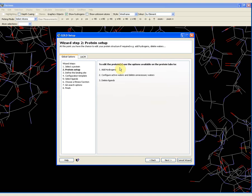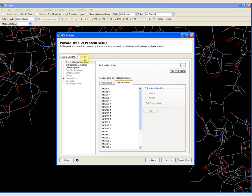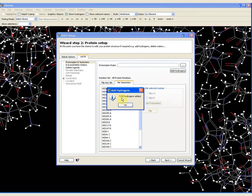It then tells me that I need to do three things with the protein: add hydrogens, configure the water molecules, and deal with the ligands. To do that, I need to go to the Protein tab — this is the tab labeled 1acm, the name of the protein. If I click on it, I am presented with the option to add hydrogens. This is very important — GOLD absolutely requires that both the protein and the ligand have all hydrogen atoms added, otherwise it cannot work. If I press add hydrogens, it now tells me that 7192 hydrogens have been added.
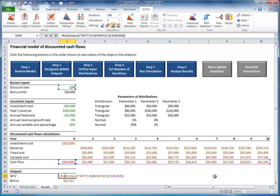Now it's your turn. Stop this video and designate the NPV and bonus cells as At-risk output cells.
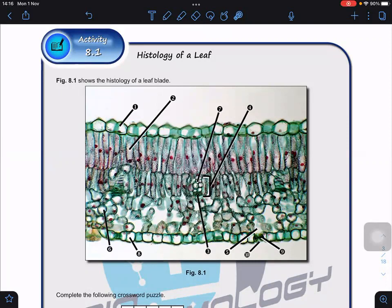The leaf requires a supply of water and must carry away assimilates, so we cannot overlook the vascular bundle. In the vascular bundle, you can see larger cells and smaller tiny cells. The larger round-shaped cells are xylem, located at the top, while the smaller cells at the bottom are phloem.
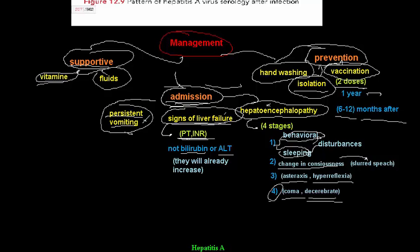Thank you for watching. See you in the next video completing our subject on chronic viral hepatitis.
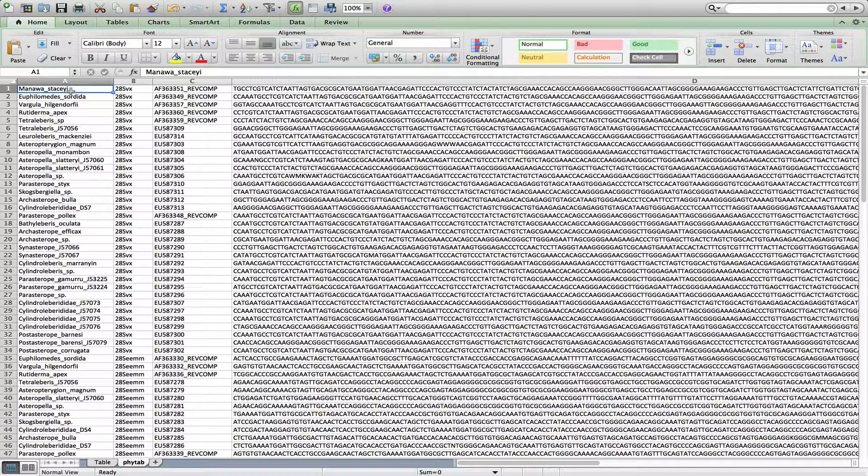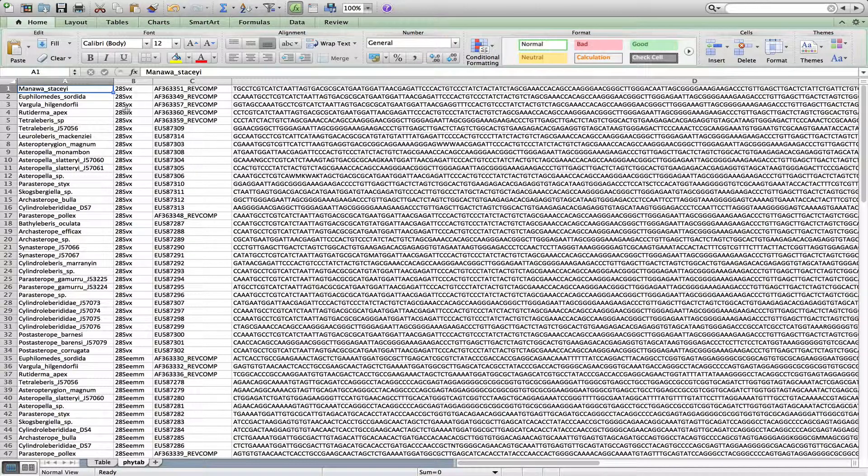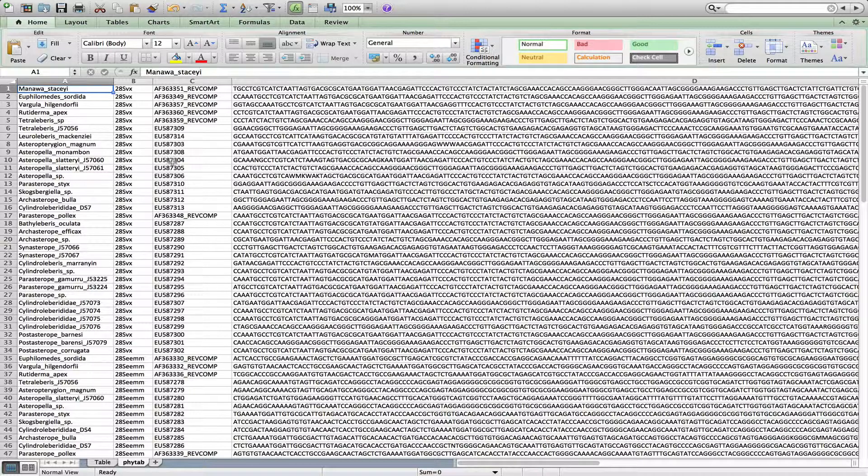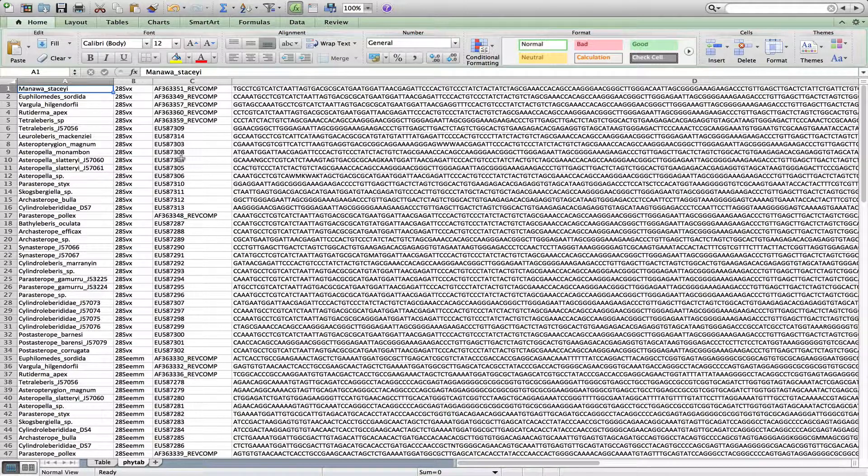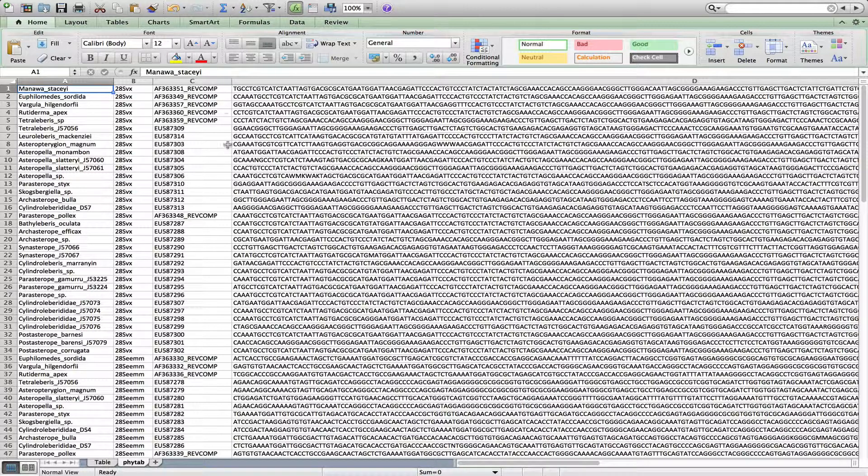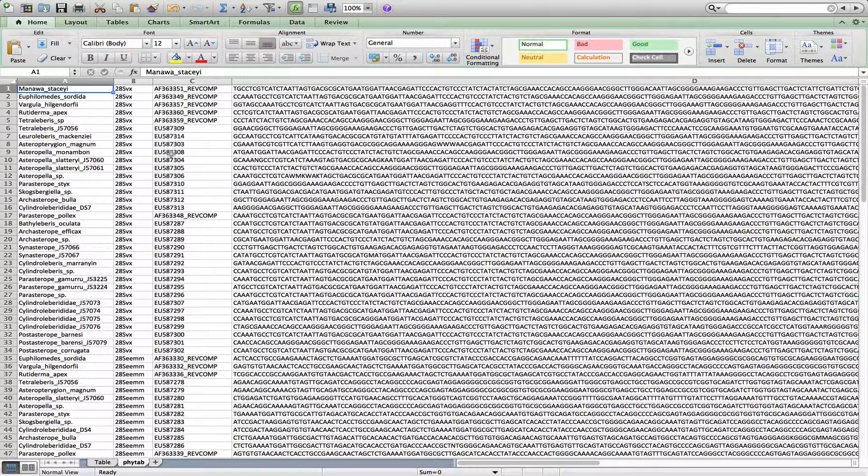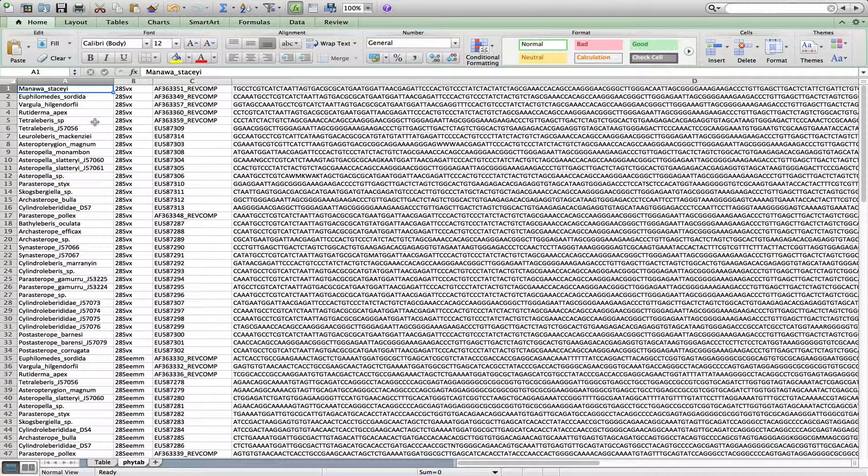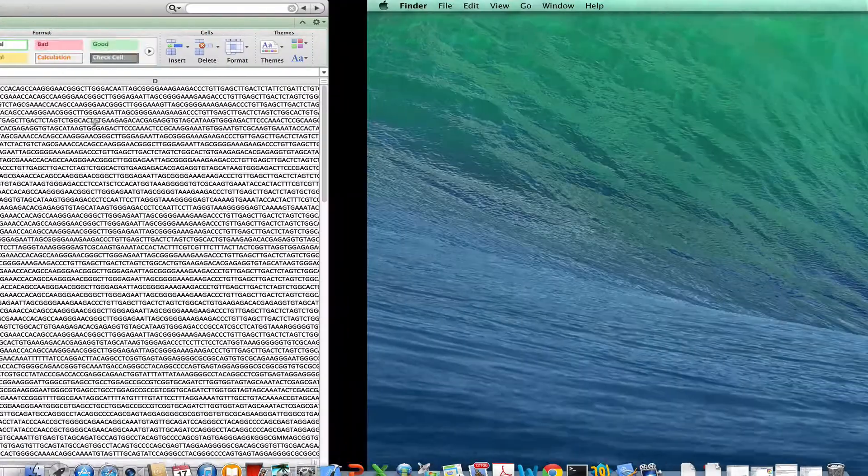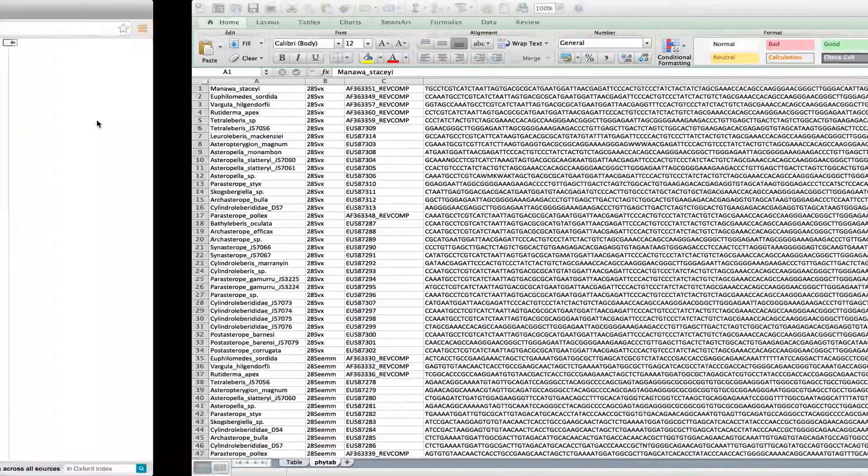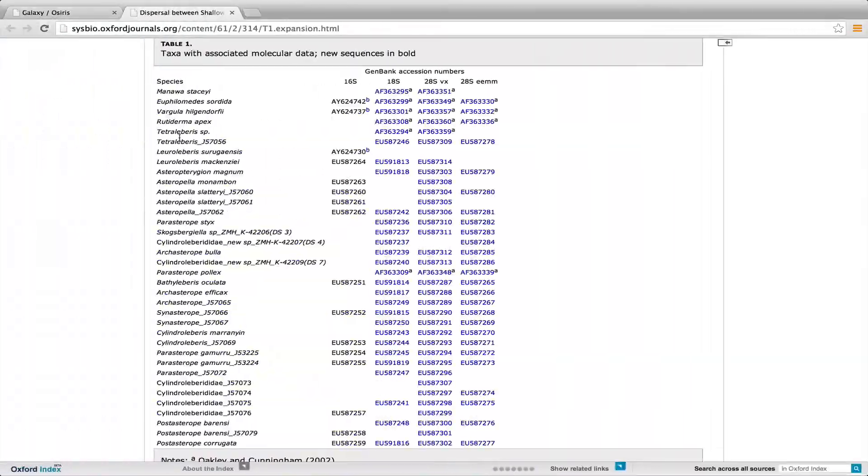So the first column is the species name. Second column is the gene name. Third column is the unique accession number for each gene. And the fourth column is the sequence. So these can be DNA sequences, as in this case, or they can be protein sequences.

** WHAT YOU ARE ASKED TO DO **
Once the line holding "Thank you for" is found, set it down along with every line after it through the end of the entries, exactly, leaving the pictures out.

** ANSWER SPACE **
Thank you for watching. See you in the next video completing our subject on chronic viral hepatitis.
So the first column is the species name. Second column is the gene name. Third column is the unique accession number for each gene. And the fourth column is the sequence. So these can be DNA sequences, as in this case, or they can be protein sequences.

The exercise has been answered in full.